Namun, ia tidak merinci kebijakan pajak yang dimaksud. JK hanya mengatakan, ketentuan pajak semestinya mendukung konsumen dan industri. Aturan pajak juga seharusnya memperhitungkan dampaknya terhadap penerimaan negara maupun masyarakat.
(Baca: Perpres Kendaraan Listrik Rampung, Tinggal Diteken Jokowi)
Karena itu, ia menilai perlu ada harmonisasi kebijakan antarkementerian dan lembaga (K/L) terkait kendaraan bermotor listrik tersebut. K/L yang dimaksud seperti Kementerian Perindustrian, Kementerian Perhubungan, dan Kementerian Keuangan.

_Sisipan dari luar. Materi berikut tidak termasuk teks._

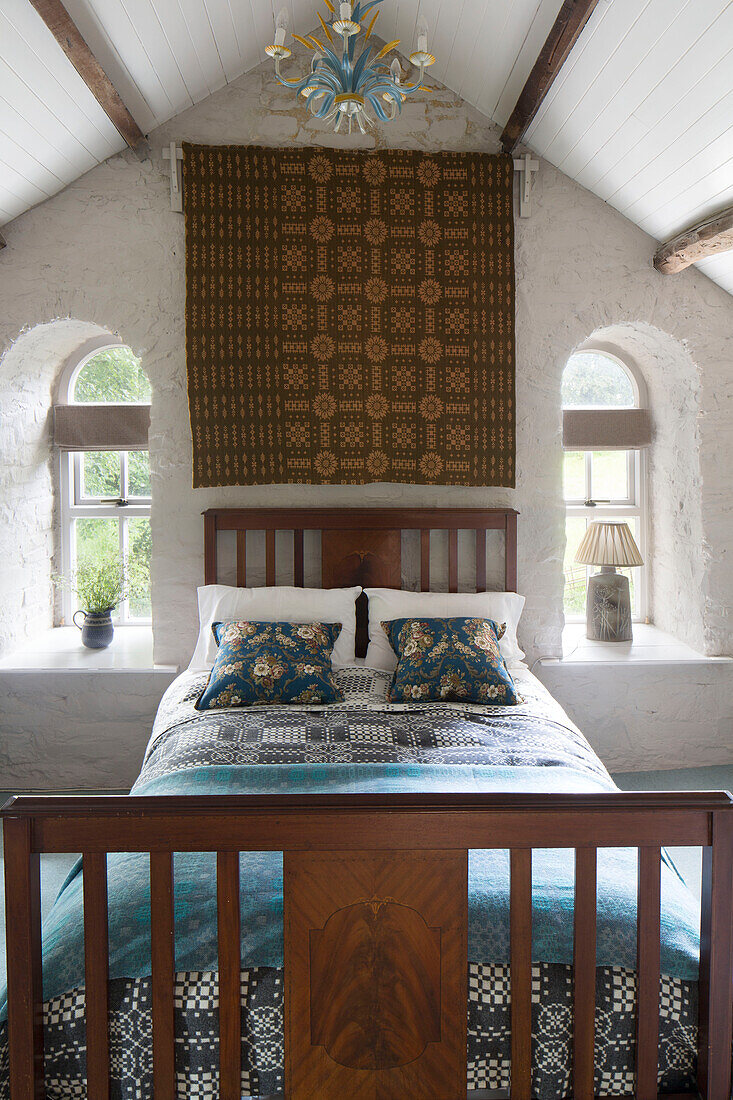 Arched windows with wooden double bed and wall hanging in Ceredigion cottage Wales UK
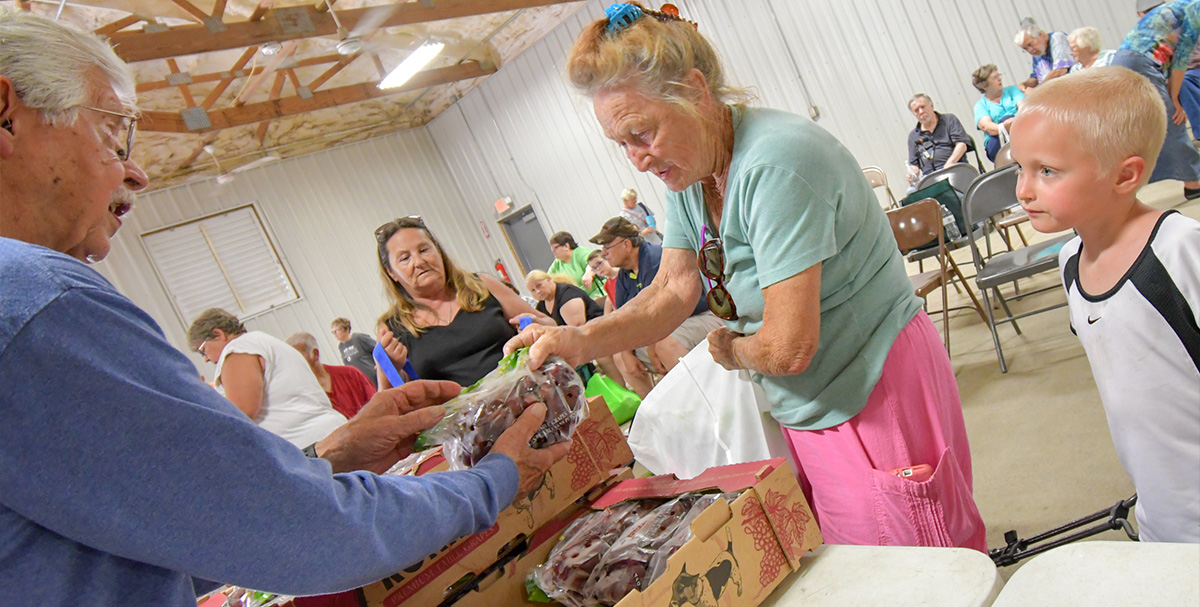 senior man volunteer handing produce to senior woman and grandson at mobile distribution
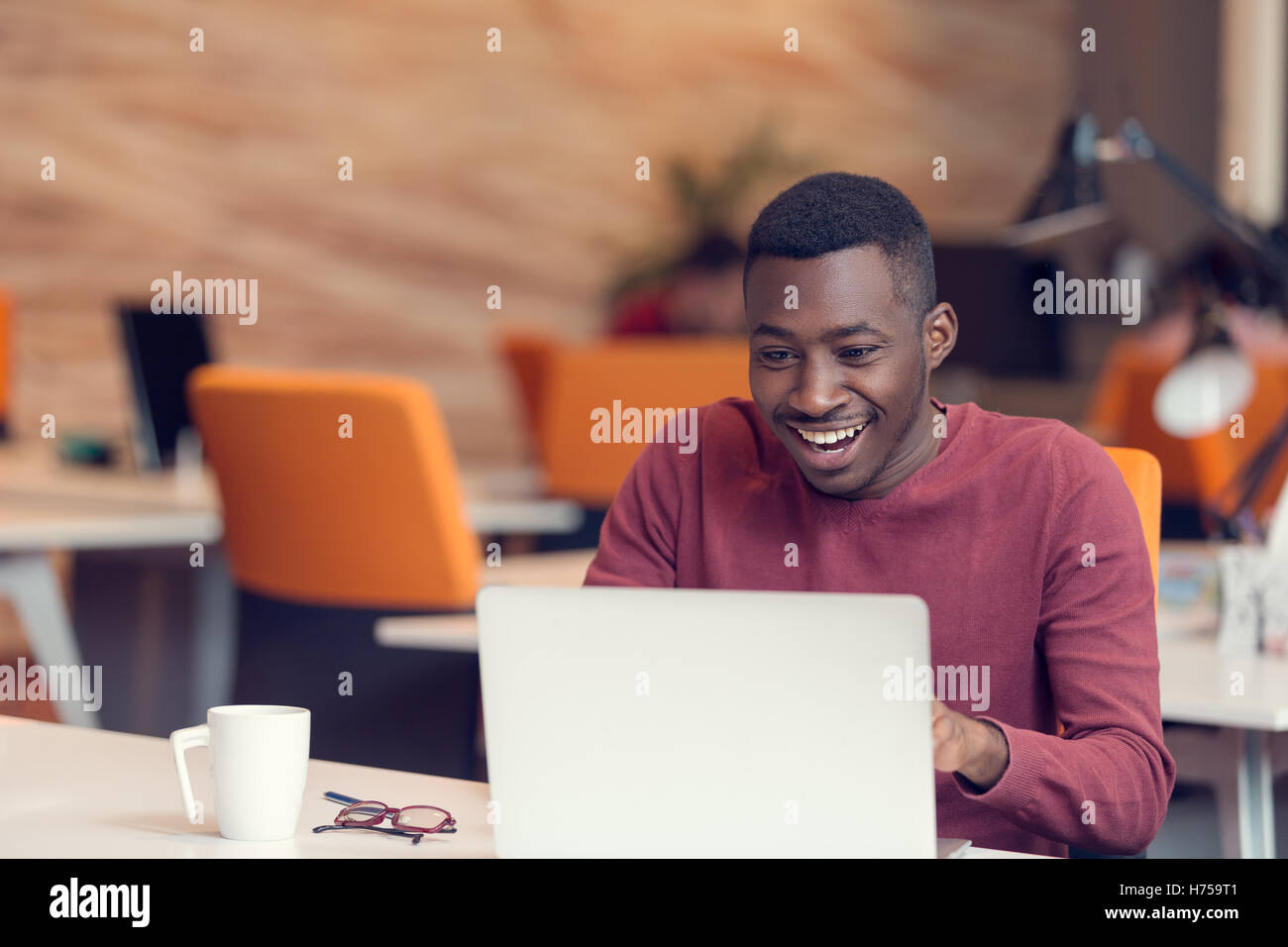 Jeune homme d'affaires avec une expression choquée de travailler sur un ordinateur portable Banque D'Images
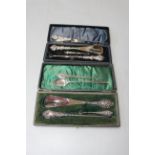 Collection of silver handled button hooks and shoe horns, trowel book mark and spoon (two cases).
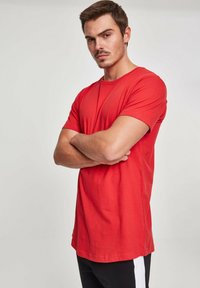 Crvena pamučna majica s okruglim izrezom, kratkim rukavima i ravnim krojem. Tekstura tkanine izgleda glatko, bez vidljivih uzoraka ili grafika.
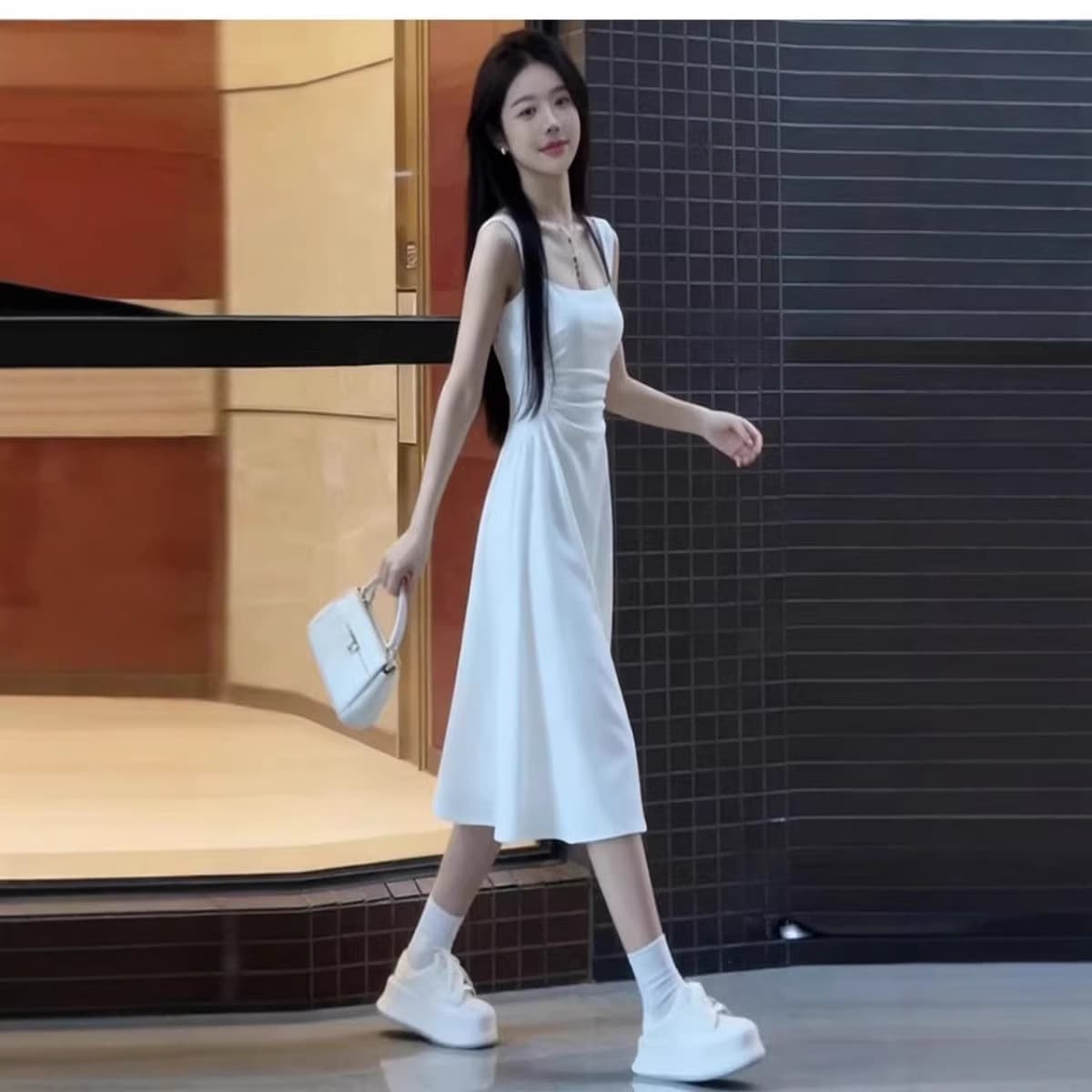 2026 spring and summer new French retro Hepburn style little black dress waist slimming long skirt black suspender dress for women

Ketua I Gabungan Industri Kendaraan Bermotor Indonesia (Gaikindo) Jongki Sugiarto menambahkan, instrumen pajak menjadi kunci utama pengembangan kendaraan listrik di Indonesia. Sebab, besaran pajak akan menentukan jumlah impor yang dilakukan oleh produsen kendaraan listrik.
"Kalau tarif sudah ditentukan, nanti produsen bisa berhitung. Mana yang mau diimpor, yang hybrid, plug-in hybrid, atau kendaraan berbasis baterai (electric vehicle)," kata JK.
Selain pajak, menurutnya kesiapan infrastruktur menjadi hal utama untuk mendorong penggunaan mobil listrik di Tanah Air. Infrastruktur tersebut harus mampu memfasilitasi berbagai jenis kendaraan listrik.
Kepala Badan Pengkajian dan Penerapan Teknologi (BPPT) Hammam Riza mengatakan, rancangan aturan tersebut tinggal menunggu pengesahan oleh Presiden Joko Widodo. Ia menjelaskan, Perpres Kendaraan Listrik memuat beberapa poin utama. Salah satunya, produsen kendaraan bermotor listrik berbasis baterai wajib membangun fasilitas manufaktur di dalam negeri, beserta industri komponennya.
(Baca: Studi BPPT: Mobil Listrik Lebih Hemat daripada BBM)
Perpres tersebut juga mendorong adanya penelitian, pengembangan dan inovasi industri kendaraan listrik berbasis baterai. Hal ini dapat dilakukan dengan sinergi antara pemerintah pusat, pemerintah daerah, dan industri.
Sebelumnya, Kementerian Perindustrian mencatat, impor kendaraan listrik saat ini dibebani bea masuk dan Pajak Penjualan Barang Mewah (PPnBM). Akibatnya, harga kendaraan listrik dianggap lebih mahal 30% dibanding kendaraan konvensional.
Karena itu, Menteri Keuangan Sri Mulyani Indrawati pernah menyampaikan, PPnBM bagi kendaraan listrik bakal 50% lebih rendah dibanding kendaraan biasa. Namun, dia belum memastikan kapan kebijakan itu bakal dirilis.
Hal ini akan membuat harga kendaraan bermotor listrik lebih murah dibanding yang menggunakan bahan bakar minyak (BBM). Dia berharap, harga jual yang terjangkau bisa meningkatkan kemampuan masyarakat untuk membeli mobil listrik.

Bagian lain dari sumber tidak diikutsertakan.